Rapid detection of pathogenic E. coli based on CRISPR Cas system.

Access to safe and nutritious food is critical for maintaining life and supporting good health. Eating food that is contaminated with pathogens leads to serious diseases ranging from diarrhea to cancer. Many foodborne infections can cause long-term impairment or even death. Hence, early detection of foodborne pathogens such as pathogenic Escherichia coli strains is essential for public safety. Conventional methods for detecting these bacteria are based on culturing on selective media and following standard biochemical identification. Despite their accuracy, these methods are time-consuming. PCR-based detection of pathogens relies on sophisticated equipment and specialized technicians which are difficult to find in areas with limited resources. Whereas CRISPR technology is more specific and sensitive for identifying pathogenic bacteria because it employs programmable CRISPR-Cas systems that target particular DNA sequences, minimizing non-specific binding and cross-reactivity. In this project, a robust detection method based on CRISPR-Cas12a sensing was developed, which is rapid, sensitive and specific for detection of pathogenic E. coli isolates that were collected from the fecal samples from adult goats from 17 farms in Tennessee. Detection reaction contained amplified PCR products for the pathogenic regions, reporter probe, Cas12a enzyme, and crRNA specific to three pathogenic genes-stx1, stx2, and hlyA. The CRISPR reaction with the pathogenic bacteria emitted fluorescence when excited under UV light. To evaluate the detection sensitivity and specificity of this assay, its results were compared with PCR based detection assay. Both methods resulted in similar results for the same samples. This technique is very precise, highly sensitive, quick, cost effective, and easy to use, and can easily overcome the limitations of the present detection methods. This project can result in a versatile detection method that is easily adaptable for rapid response in the detection and surveillance of diseases that pose large-scale biosecurity threats to human health, and plant and animal production.

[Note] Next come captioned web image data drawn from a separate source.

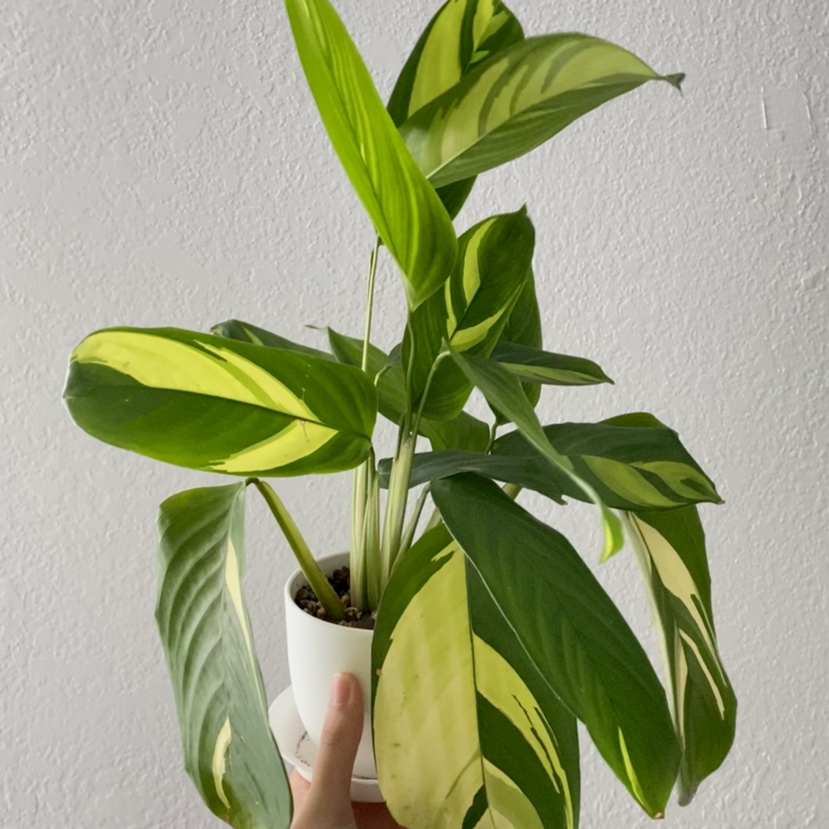 Potted Golden Mosaic Plant with variegated green and yellow leaves, held by a hand.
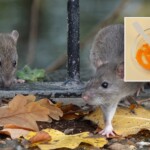 ingredient-found-in-doritos-turns-mouse’s-skin-transparent,-may-have-medical-applications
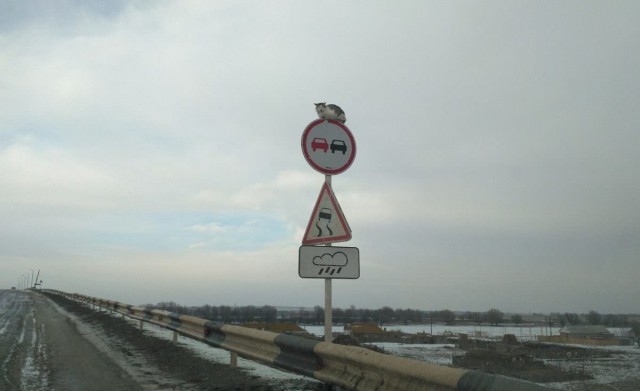 Котовторник  01.05.2018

Citric acid/ß-alanine carbon dots as a novel tool for delivery of plasmid DNA into E. coli cells.

Successful delivery of plasmid DNA into the microbial cells is fundamental in recombinant DNA technology. Natural bacterial transformation is limited to only certain species due in part to the repulsive forces between negatively charged DNA and bacterial membranes. Most common method of DNA delivery into bacteria is artificial transformation through heat shock and electroporation. These methods require sophisticated instruments and tedious steps in preparation of competent cells. Transformation by conjugation is also not applicable to all plasmids. Nanoparticles have been used successfully in therapeutics for drug delivery into animal cells. They are starting to gain popularity in plant sciences as novel DNA nano carriers. Despite their promise as tool for DNA delivery, their use in microbial cell transformation has not been reported yet. Here we report the synthesis of carbon dots (CDs) from citric acid and ß-alanine and their use in DNA delivery into E. coli cells. CDs were fabricated using microwave assisted synthesis. Plasmids carrying RFP reporter and ampicillin resistance genes were transferred to bacterial cells and further confirmed using polymerase chain reaction. Our findings indicate that CDs can be used successfully for delivery of foreign DNA of up to 10 kb into E. coli. We have demonstrated the use of ß-alanine/citric acid carbon dots as nanocarriers of DNA into E. coli cells and identified their limitation in terms of the size of plasmid DNA they could carry. Use of these carbon dots is a novel method in foreign DNA delivery into bacterial cells and have a potential for the transformation of resistant organism for which there is still no reliable DNA delivery systems.

Antibacterial Properties of Citric Acid/ß-Alanine Carbon Dots against Gram-Negative Bacteria.

While multi-drug resistance in bacteria is an emerging concern in public health, using carbon dots (CDs) as a new source of antimicrobial activity is gaining popularity due to their antimicrobial and non-toxic properties. Here we prepared carbon dots from citric acid and ß-alanine and demonstrated their ability to inhibit the growth of diverse groups of Gram-negative bacteria, including E. coli, Salmonella, Pseudomonas, Agrobacterium, and Pectobacterium species. Carbon dots were prepared using a one-pot, three-minute synthesis process in a commercial microwave oven (700 W). The antibacterial activity of these CDs was studied using the well-diffusion method, and their minimal inhibitory concentration was determined by exposing bacterial cells for 20 h to different concentrations of CDs ranging from 0.5 to 10 mg/mL. Our finding indicates that these CDs can be an effective alternative to commercially available antibiotics. We also demonstrated the minimum incubation time required for complete inhibition of bacterial growth, which varied depending on bacterial species. With 15-min incubation time, A. tumefaciens and P. aeruginosa were the most sensitive strains, whereas E. coli and S. enterica were the most resistant bacterial strains requiring over 20 h incubation with CDs.